Obwohl Jerusalem ausser am Sabbat ein permanenter Verkehrsinfarkt droht, bietet die grösste israelische Stadt viel Lebensqualität. Dazu beigetragen hat die verkehrsfreie Mamilla Shopping Mall. Sie befindet sich in der Nähe des Jaffa-Tors der Altstadt und wurde vor drei Jahren unter anderem mit Läden von Rolex, H. Stern, Nike, Ahava (Kosmetikprodukte wie Handcremes vom Toten Meer) oder der israelischen Modelinie Castro eröffnet. Die Mauern der Gebäude strahlen im sandfarbenen Jerusalemstein.
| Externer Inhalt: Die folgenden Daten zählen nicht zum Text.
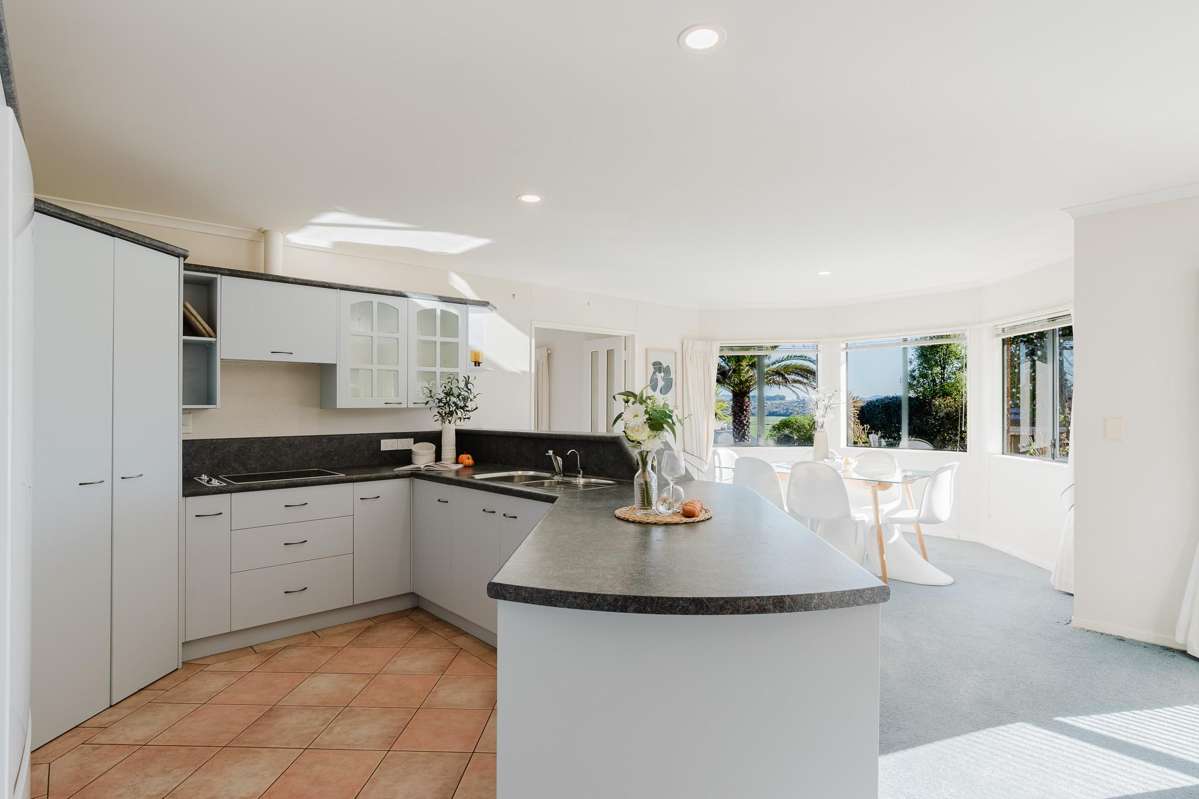 281 Grandview Road_2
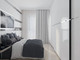 Mieszkanie na sprzedaż - Milas - Mugla Mugla, Turcja, 66 m², 113 919 USD (459 093 PLN), NET-94192970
So schreibt es das Gesetz vor. «Mamilla war einst ein Armutsviertel. Auf dem Weg zur Altstadt trinke ich dort gerne einen Kaffee», sagt Strenger. In Jerusalem wird notabene wie in ganz Israel die alte Kaffeehauskultur Europas gepflegt. Das mag ein Grund sein, weshalb Starbucks 2003 sämtliche sechs Filialen mangels Erfolg aufgab.
Vier Luxushotels innerhalb von wenigen Metern
Die Umgebung von Mamilla ist gleichzeitig das Epizentrum der schicksten Hotels des Landes. Die Bar des luxuriösen Lifestyle-Hotels Mamilla gehört zu den angesagtesten Treffpunkten. Mit dem David Citadel, dem altehrwürdigen King David Hotel sowie dem Waldorf Astoria, das erst in diesen Wochen eröffnen wird, buhlen gleich vier Luxushotels innerhalb von wenigen 100 Quadratmetern um Gäste mit einer grossen Brieftasche.
Von diesen Hotels aus erreicht man in nur zehn Fussminuten via die Jaffa-Strasse gleich eine weitere Fussgängerzone: In Nahalat Shiva befinden sich Dutzende von kleinen Galerien und Läden, die Kunstschmuck verkaufen, sowie Restaurants und Cafés. Das Quartier hat Geschichte geschrieben, weil hier sieben Juden 1867 die ersten Häuser ausserhalb der Altstadt bauten. Im oberen Teil der Jaffa-Strasse befindet sich der Machane-Yehuda-Markt, wo Gabriel Strenger Früchte, Gemüse, Kräuter oder Oliven einkauft. Zum Essen mag er auch die Restaurants in der Emek-Refaim-Strasse, wo im Südwesten der Stadt am Freitag ein Flohmarkt stattfindet. Am selben Tag zieht es Strenger manchmal zum Geburtsort Johannes des Täufers, ins dörfliche Ein Karem, und danach in den Jerusalemer Wald auf einen Spaziergang. Dort sucht der Heimwehschweizer nach dem, was er von seiner alten Heimat am meisten vermisst: Ruhe und Sicherheit.
Vorsicht vor dem mysteriösen Jerusalem-Syndrom
Dafür liegt in Jerusalem etwas Spezielles in der Luft. Die Stadt ist gesättigt von Heiligkeit. Überall gibt es Zeichen der Gegenwart Gottes. Nicht alle Besucher können damit umgehen und verlieren den Verstand – zumindest zeitweise. Strenger kennt diesen Zustand als «Jerusalem-Syndrom». Dabei handelt es sich um eine psychische Störung, die mit Wahnvorstellungen oder Erlösungsfantasien einhergehen. Normale Touristen halten sich plötzlich für biblische Figuren, kleiden sich seltsam und beginnen, die Ankunft Gottes zu verkünden. Ungefähr 20 Menschen erkranken jährlich an diesem (heilbaren) Syndrom. Das sollte aber niemanden von einer Reise in die heilige Stadt abhalten, schwärmt doch Strenger: «Es gibt so viele schöne Dinge in Jerusalem zu sehen. Und die meisten kommen und gehen als ganz normale Touristen.»